How to complete this task:
Only one stretch of the material below is wanted: everything from the line containing "Sábanas de algodón egipcio y minibar" down to the line containing "Zenyth Chiropractic - Front Desk", both ends included. Repeat it exactly and skip the pictures.

Extracted entries:
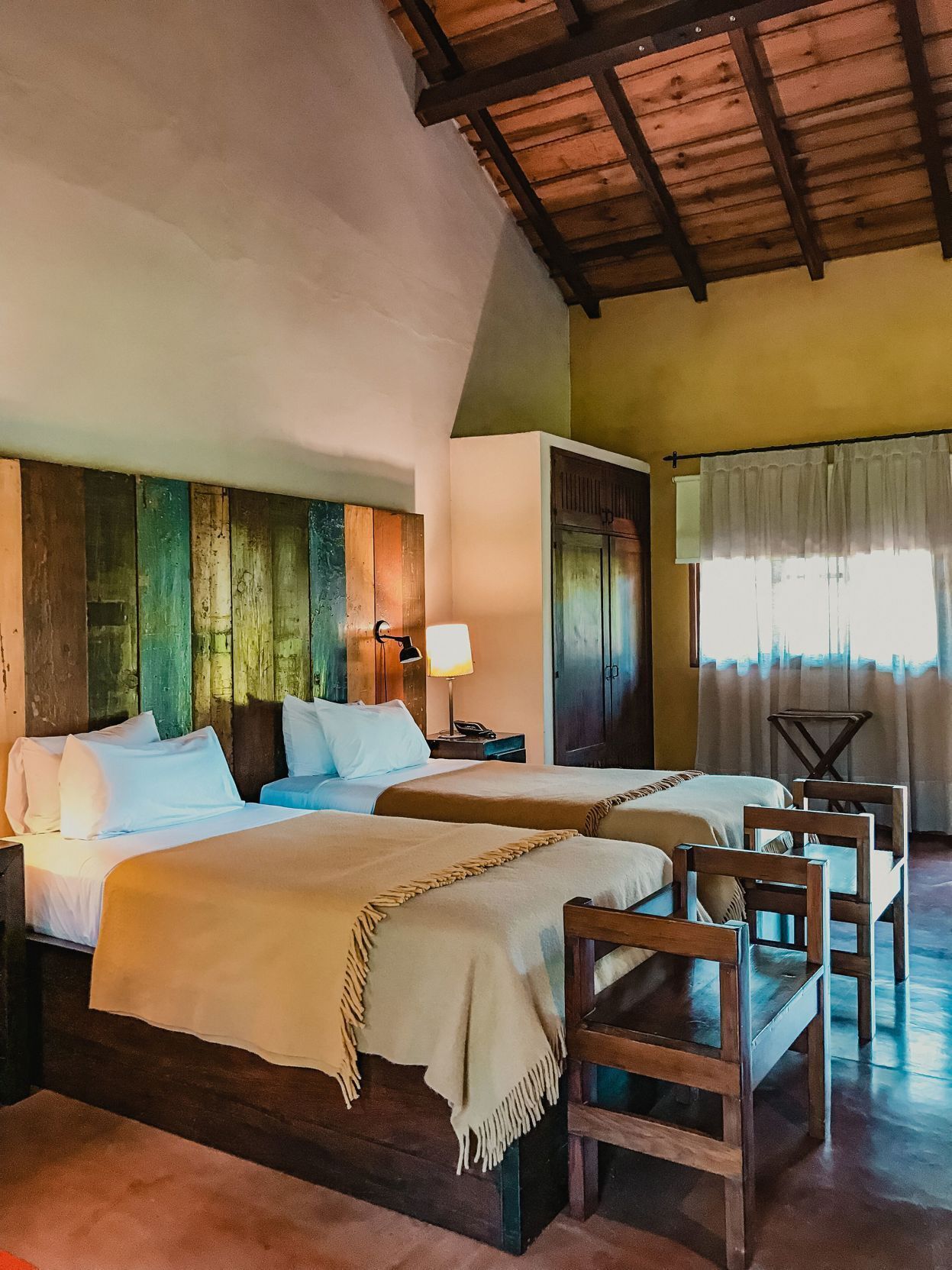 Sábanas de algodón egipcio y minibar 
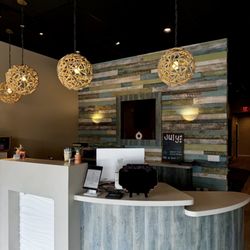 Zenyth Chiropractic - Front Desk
==
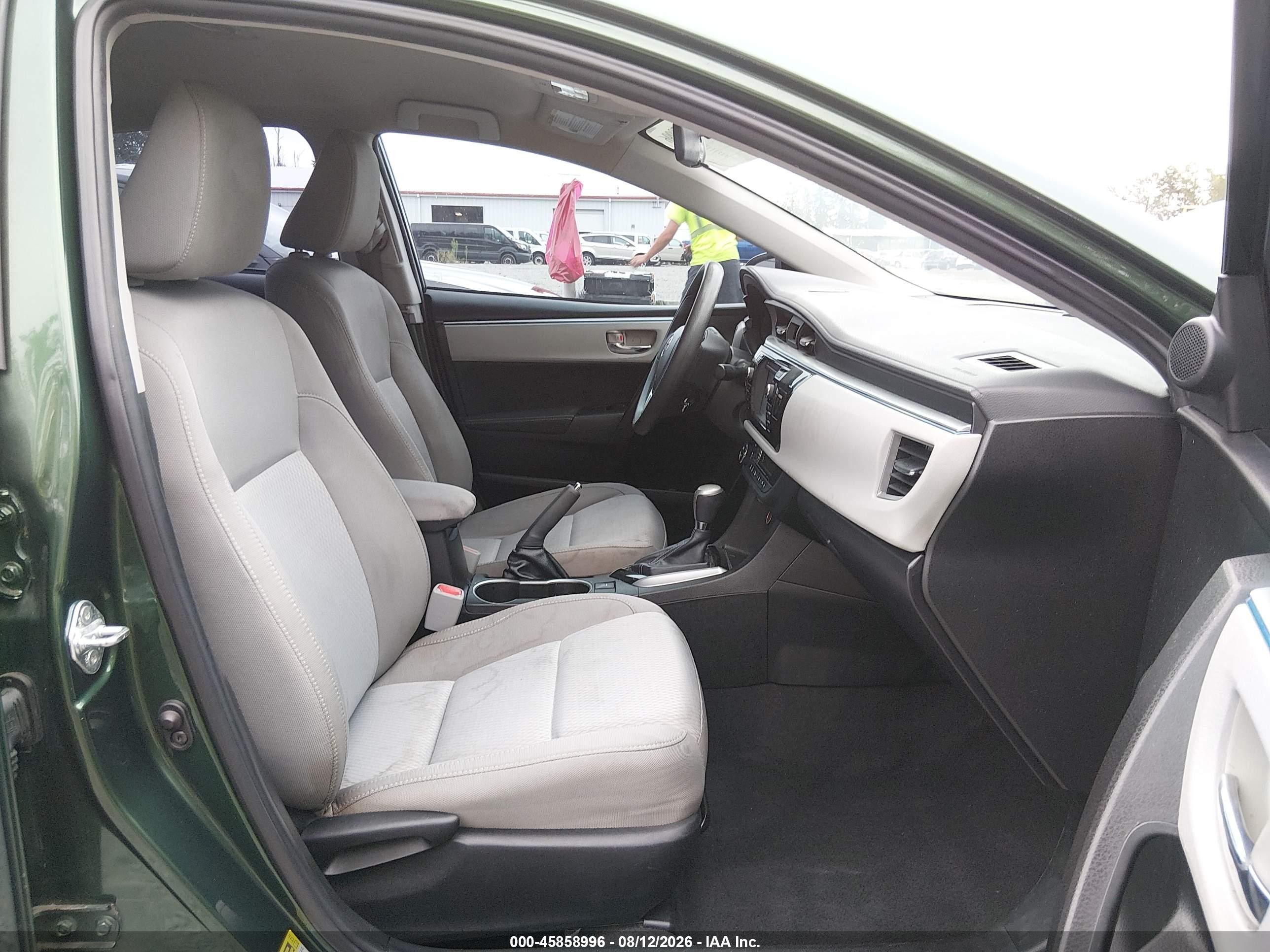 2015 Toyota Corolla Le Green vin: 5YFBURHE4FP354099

Response to the task:
 Sábanas de algodón egipcio y minibar 
 Zenyth Chiropractic - Front Desk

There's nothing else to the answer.